Prove that the semi-vertical angle of the right circular cone $4(x^2+y^2)-9z^2=0$ is $\tan^{-1}{3/2}$.
Attempt:
we have $\cos{\alpha}=\frac{ax+by+cz}{\sqrt{x^2+y^2+z^2}\sqrt{a^2+b^2+c^2}}$ where $a,b,c $ are the drs of the axis, $\alpha$ is the semi-vertical angle of the right circular cone and $(x,y,z)$ be any point on the cone. Please help me.

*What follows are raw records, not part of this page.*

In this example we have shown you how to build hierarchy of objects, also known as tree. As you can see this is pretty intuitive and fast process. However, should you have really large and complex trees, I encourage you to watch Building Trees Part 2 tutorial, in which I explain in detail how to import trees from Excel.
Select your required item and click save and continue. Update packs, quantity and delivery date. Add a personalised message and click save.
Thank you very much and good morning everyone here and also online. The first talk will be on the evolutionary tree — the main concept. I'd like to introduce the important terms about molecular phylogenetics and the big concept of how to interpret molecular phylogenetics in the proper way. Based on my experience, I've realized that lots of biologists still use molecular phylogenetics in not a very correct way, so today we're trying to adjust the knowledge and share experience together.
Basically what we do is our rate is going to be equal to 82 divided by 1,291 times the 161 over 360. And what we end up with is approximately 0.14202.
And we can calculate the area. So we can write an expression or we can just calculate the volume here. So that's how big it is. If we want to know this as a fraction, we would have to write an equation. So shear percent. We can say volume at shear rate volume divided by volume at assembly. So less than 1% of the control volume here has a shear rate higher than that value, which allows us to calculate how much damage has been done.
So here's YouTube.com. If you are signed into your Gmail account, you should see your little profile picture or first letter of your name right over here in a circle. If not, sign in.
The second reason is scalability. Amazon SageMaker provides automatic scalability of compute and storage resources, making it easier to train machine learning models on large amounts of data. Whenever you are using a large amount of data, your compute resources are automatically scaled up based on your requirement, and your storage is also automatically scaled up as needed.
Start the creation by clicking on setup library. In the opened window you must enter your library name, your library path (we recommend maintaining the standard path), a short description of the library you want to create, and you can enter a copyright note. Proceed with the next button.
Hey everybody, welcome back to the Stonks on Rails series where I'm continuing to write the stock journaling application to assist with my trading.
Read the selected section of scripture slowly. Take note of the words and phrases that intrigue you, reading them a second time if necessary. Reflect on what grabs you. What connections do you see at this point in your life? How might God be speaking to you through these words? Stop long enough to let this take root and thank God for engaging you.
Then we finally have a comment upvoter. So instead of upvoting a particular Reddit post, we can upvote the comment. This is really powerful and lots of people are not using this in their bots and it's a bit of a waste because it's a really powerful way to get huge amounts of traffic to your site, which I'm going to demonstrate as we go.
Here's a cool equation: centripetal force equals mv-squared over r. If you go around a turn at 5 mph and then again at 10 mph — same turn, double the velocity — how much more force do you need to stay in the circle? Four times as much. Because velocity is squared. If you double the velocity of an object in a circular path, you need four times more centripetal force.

Rewrite the equation: $$4(x^2+y^2)-9z^2=(2x)^2+(2y)^2-(3z)^2=0$$ The $z$-axis increases $3$ times faster for any given $z$ solution. The $x$- and $y$-axis increases twice as much for any given $x,y$ solutions. Also the semi-vertical angle is equal to $x$- or $y$-axis divided by the height of the cone, because the ratio stays the same:
$$\alpha={tan}^{-1}\left(\frac{\frac{1}{2}}{\frac{1}{3}}\right)={tan}^{-1}\left(\frac{3}{2}\right)$$
Note that in the equation $\cos{\alpha}=\frac{ax+by+cz}{\sqrt{x^2+y^2+z^2}\sqrt{a^2+b^2+c^2}}\implies$ $a=b=0, c=1$ $$\cos{\alpha}=\frac{z}{\sqrt{x^2+y^2+z^2}}$$$$ \sin{\alpha}=\frac{\sqrt{x^2+y^2}}{\sqrt{x^2+y^2+z^2}}$$ $$tan(\alpha)=\frac{sin\alpha}{cos\alpha}=\frac{\sqrt{x^2+y^2}}{z}$$ From the equation $4(x^2+y^2)-9z^2=0\implies \sqrt{x^2+y^2}=\frac{3}{2}z$: $$tan(\alpha)=\left(\frac{\frac{3}{2}z}{z}\right)=\frac{3}{2}\implies\alpha={tan}^{-1}\left(\frac{3}{2}\right)$$